In the absence of ultrasound stress corrosion it was found that the average length of the cracks (in microns) of the reference sample (Figure 5) was about 4.19%. The average percentage of the reference sample represents the primary cracks found in the sample.


Next objective of this study was to explore the contribution of each one of the important experimental conditions reported above (e.g. temperature, electrolyte concentration, etc.), separately in order to decouple their effect and find out which conditions affect the increase of the size of the primary cracks. For clarification, it should be stated that in all samples below the primary cracks are horizontal in relation with the electrolyte surface.


Air presence: As a next step, another Ti-sample examined under experimental conditions 0/1/0/0/0/0/1. In this case, oxygen was provided in the electrolyte solution. The average percentage of cracks was 4.97%. The chemical corrosion due to air bubbling led to a small increase of cracks.


Electrochemical anodization: Another Ti-sample was tested under experimental conditions 0/0/1/0/0/0/1. A platinum electrode was put at 10mm distance from the sample in order for the electrochemical anodization to take place. In this case the average percentage was found to be 2.9%. One observes decreasing of the cracks compared to the average percentage of the reference sample which was 4.2%. Under conditions of anodization which can be considered a dynamic condition, the rate of oxide development and intrinsic characteristics of the material (e.g. coherency) and at the same time the adherence of the formed oxide with the underlying metal seem to change with time and this could lead to a decrease of cracks [16].


Based on the previously-presented results, it can be stated that the experimental conditions which result in an increase of the size of primary cracks are ultrasonic loading and provision of air to the electrolyte for the reasons explained above, where mechanically-forced or chemical-assisted corrosion was performed.


In the next group of experiments the ultrasonic loading is applied in all the cases explored. Apart from this, in each experiment there is a different experimental condition applied. In all of the samples below the primary cracks are horizontal in relation to the ultrasonic loading. The first experiment (1/0/0/0/0/0/1) has already been discussed previously in section 3.1, i.e. in which the ultrasonic loading is applied and the percentage of the primary cracks increases (compared to the reference sample).
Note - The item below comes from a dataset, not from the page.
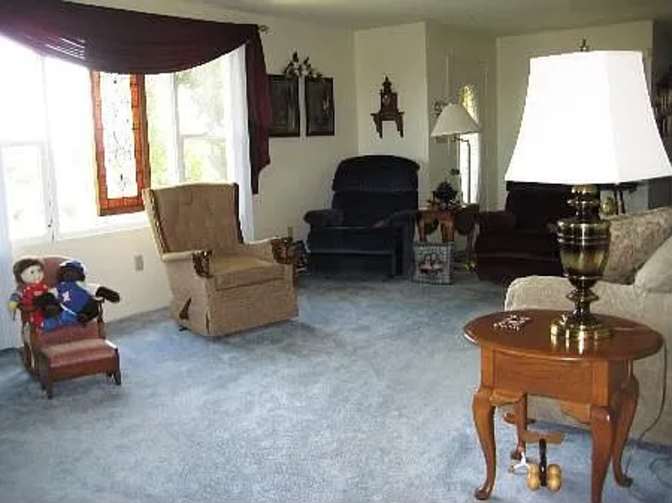 Allison's room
The next experiment (1/1/0/0/0/0/1) is a combination of ultrasonic loading and provision air to the electrolyte. The percentage of the cracks is increasing by 3.5% in relation to the previous experiments where only the ultrasonic loading was applied. When the sample is exposed to a combination of ultrasonic loading and electrochemical anodization (Figure 7) (1/0/1/0/0/0/1) one observes that there is an increase in the size of primary cracks. The size of the cracks was increased by another 6.5% compared to the experiment that only the ultrasonic loading was applied (1/0/0/0/0/0/1). This can be explained by the fact that an oxide film is probably formed which is more transparent to electrons and the propagation of cracking is kinetically enhanced [16].